L’amélioration sensible du moral des cadres s’explique également par les perspectives concernant la situation financière personnelle des cadres : 16 % d’entre eux pensent que leur situation financière « va s’améliorer », en hausse de 2 points, et 42 % qu’elle va « se dégrader », en baisse de 6 points. Si ces variations sont faibles et s’inscrivent toujours sur fond de pessimisme dominant, elles témoignent d’un dégel des situations catastrophiques enregistrées ces derniers mois.

En revanche les perspectives macro-économiques demeurent stables à des niveaux toujours très pessimistes :

- 86 % (-1) des cadres pensent que le nombre de chômeurs en France augmentera dans les mois à venir, contre seulement 3 % qui pensent le contraire ;
- 73 % (-3) des cadres s’attendent par ailleurs à une dégradation du niveau de vie en France, contre seulement 5 % qui pensent le contraire.

Enfin, les opportunités de carrière sont également stables : 17 % des cadres pensent avoir des opportunités « importantes » pour faire progresser leur carrière, 80 % des opportunités « faibles ».

L’élection présidentielle de 2012 : un contexte radicalement différent de celui de 2007

De façon tout à fait significative, une forte majorité de cadres (64 %) ne voient pas dans l’élection présidentielle du printemps prochain « une source d’espoir » pour eux (seuls 24 % y voyant une source d’espoir).

Les cadres plus pessimistes sont ceux qui travaillent au sein de grandes entreprises – 71 % des cadres d’entreprises de plus de 500 salariés déclarent que l’élection n’est pas une source d’espoir – et ceux du secteur privé : 66 % n’y voient pas une source d’espoir, contre 61 % pour ceux du secteur public.

Cette forme de scepticisme est compréhensible dans le contexte actuel, avec un risque de récession  début 2012, selon l’Insee, et une croissance vraisemblablement très faible sur l’ensemble de l’année (moins de 1 %). Peu d’espoir, donc, de sursaut économique même dans l’hypothèse d’un changement de politique.
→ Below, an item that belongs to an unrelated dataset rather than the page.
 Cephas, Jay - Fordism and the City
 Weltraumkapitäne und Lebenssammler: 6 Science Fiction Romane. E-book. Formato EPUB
Surtout, cette situation apparaît radicalement différente de celle des dernières élections en 2007 : le chômage enregistrait alors une baisse, les principaux candidats se positionnaient sur le thème du changement – voire de la rupture – poussant l’indice du moral des cadres à ces niveaux les plus hauts depuis 2004.

Ainsi ces résultats sont aussi symptomatiques d’un désarroi lié à un sentiment d’impuissance des décideurs politiques, notamment face aux aléas de la conjoncture et du marché. Dès lors il est peu étonnant que ce soient dans les grands groupes et au sein du secteur privé que l’on attend le moins de choses des élections, y étant sans doute plus qu’ailleurs dépendant d’une croissance européenne et mondiale actuellement en berne, et sur laquelle un président de la République, quel qu’il soit, n’a que peu d’influence.